İzleyenler ne demiş?

  • Nastasya görünümlü Daniel filmi

    Nastasya Kinski'yi reklam aracı kullanmış sevgili yönetmen. (Film boyunca pek görünmüyor, ama göründüğü vakitlerde de gayet profesyonel, şaşırttı beni). Kesinlikle oyunculuğu tartışılamayacak oyunculardan muhteşem Daniel, filmi götüren kişi. Daniel'in varlığı ve oyunculuğu ile izlenebilir hale gelen filmde, genel olarak oyunculuklar iyi değil. Özellikle beyaz çocuk oyuncu çok daha iyi seçilebilirdi, derin derin nefes alması da o korkuyu ve gerilimi yaşatamıyor bize. Daniel çok iyi olsa da senaryo klişe, gelişmeler klişe, son klişe, herşey klişe. Utanmasam 8 milimetrelik bi kamerayla çekilmiş bu film diyeceğim. Daniel'in filmine nasıl 6 vereceğim bilmiyorum
    Puan: 6
  • Klişe mi???

    Bence pek de klişe değildi...Konu iyiydi ama görüntü açısından bakmak gerekirse kötüydü..en azından vasattı diyebilirim...Daniel her zamanki gibi performansının zirvesindeydi..bence gidip te görmeye değer eğer siz de klişe Hollywood Polisiye gerilimlerinden sıkıldıysanız...
    Puan: 7
  • hade ordan

    bu fransiz filmlerinden daha fazlaa nefret ettigim bir sey varsa o da fransiz polisiye filmleridir/en avanakca salakca sey neyse bulup cikarirlar oynattirirlarfilm rezil kesinlikle tavsiye etmem paraniz bosa gider sakin ha filme gitmeyin o parayla doner yiyin benden tavsiye etmesi sizden yemesi/meshurdonerci serhatk tel2727336373138377317
    Puan: 1
  • fransız diil ki aslında

    valla acıklı, film aslında ingiliz, ama bizde nedense fransızca oynuyo. daniel abim british telecom'u arayıp fransızca sorsun bakalım gerçek hayatta, cevap alabiliyo mu. bu arada o arkadaşı fahişe de gerçek hayatta sevgilisiymiş, nasıl oluyo da bu adam hep dünyanın (peki abartmayalım, fransa'nın) en güzel kadınlarıyla beraber oluyo? bu arada fransızca olduğu için aksanla ilgili önemli bi ipucu da güme gidiyo. hem ağızlarının hareketleriyle söyledikleri uymuyo, benim gibi takıntılı insannar oturup onu seyretmeye başlıyolar. bi de başından belli sonunda noolucaa. acaip kolay yani tahmini. ilk yarı iyi bayaa, ondan sonra çıkın gidin valla, bişii kaçırmazsınız. ama bi de şu var ki, gittiğimiz salonda yaş ortalaması 60'ın üstündeydi, çok eğlendik o yüzden. bazı sahnelerde direkt bütün salon 'ayyy, cık cık yaptı', koptum ben. sonunda da yaptılar, biz bööle 'üff, amann, ne banal' derken amcalarımla teyzelerim (özellikle teyzelerim) 'aaaaa, neymiiiiiiş, uuuuu' nidalarında bulundular. çok güldük. pazar akşamı nişantaşı, tavsiye ederim. zuxxi, valla vay anam vay'dakinden fazla seyirci katılımı oldu bu filmde...
    Puan: 3
  • BU İNSANLARIN FRANSIZ FİLMLERİNLE ALIP VEREMEDİKLERİ NE?

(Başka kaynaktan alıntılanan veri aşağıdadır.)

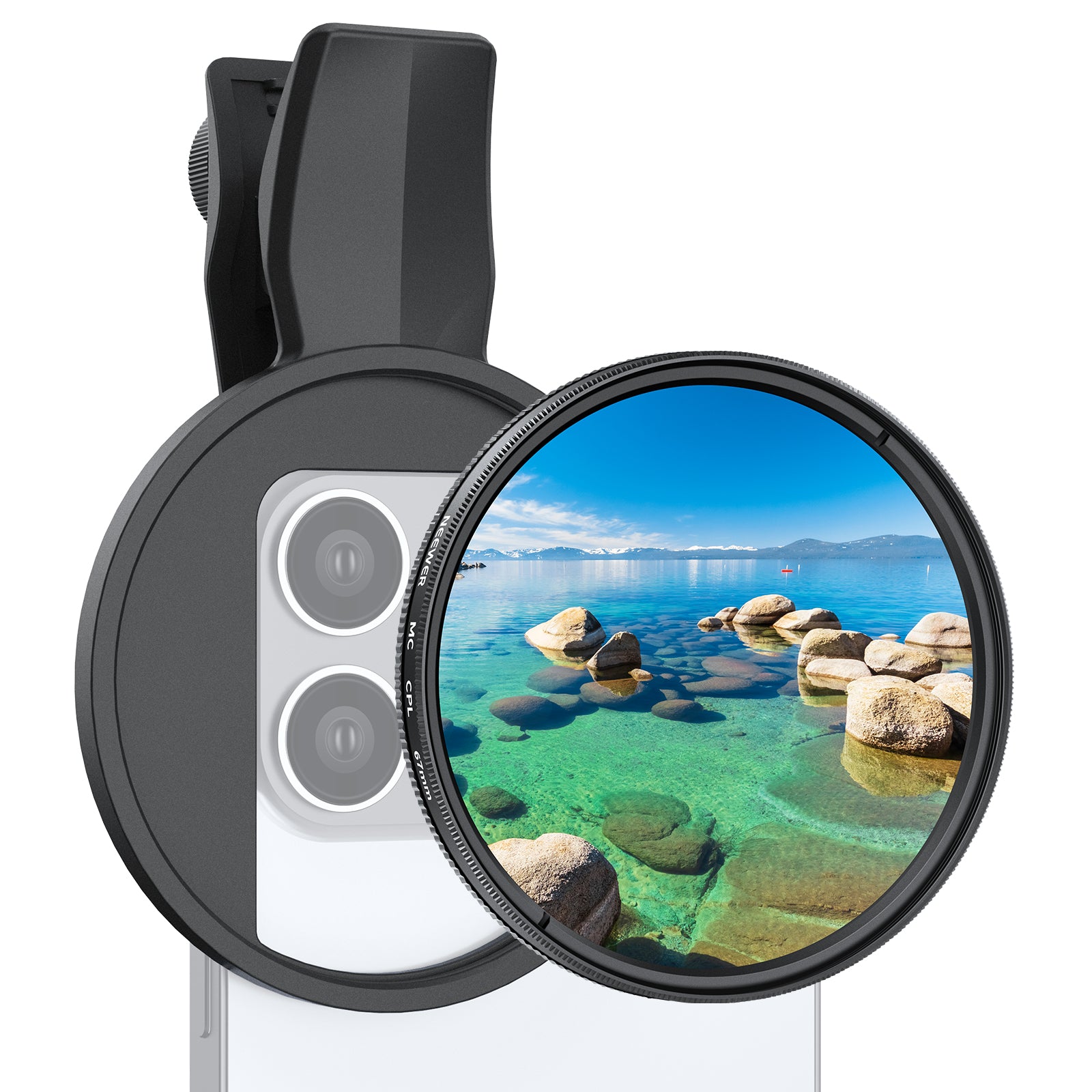 NEEWER FL-B23 67mm Clip On CPL Filter For iPhone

    geçen sene vizyonda fransız filmi kıtlığı yaşanırken ne mutluki bu sene verimli geçiyo umarım böyle devam eder ve en azından 25 30 fransız filmi seyretme mutluluğuna ulaşırım hoolwood kuşağı gene eleştirilere başlamış onlar için her şeyin basit olduğu filmleri izlemek zevk verir ama bu kişiler aslında aptal yerine konduklarını farkına varmezlar bu filmleri yapan hollwood yönetmenleri siz bu konuyu anlamazsınız ben size açıklayayım der ve izleyicide hiç kafasını yormadan hazır dilimlenmiş almayı yer ve iyi bi film seyrettiğini düşünerek sinemadan aylılır ama sonuç 0+0 elde var sıfırdan başka bi şey değildir 1 ay sonra filmin konusu neydi diye sorduğunda iki cümleyi bir araya getiremez çünkü unutmuştur çünkü o film ona anlık zevk vermiştir o kadar kolayca tüketmiştir bu filmi neyse filme gelince fransız filmleri arasında zayıf kalan bi film seneryo gerçekten zayıf çekimerin ve oyuncuların iyi olması filmi kurtarmaya yetmemiş benim izlediğim salondada (pera) genelde yaşlılar vardı ve genelde fazla karışık olmamasından dolayı hoşlarına gitti bence yaşlıların hoşuna gidecek ama gidip görmektede bi sakınca olmayan bir film çıkmış ortaya
    Puan: 6
  • İçinde bir parça et olan kuru fasulye gibi

    İçinde bir parça et olan kuru fasulye gibi bir film. Afişin %90'ını Nastasia Kinski kaplıyor, filmin de %10'unda gözüküyor. eşittir yüzde yüz oluyor. Afişte etin reklamını yapıyorlar. Ama et aslında sadece %10'unda var. Paranız ve zamanınız fazla ise gidin.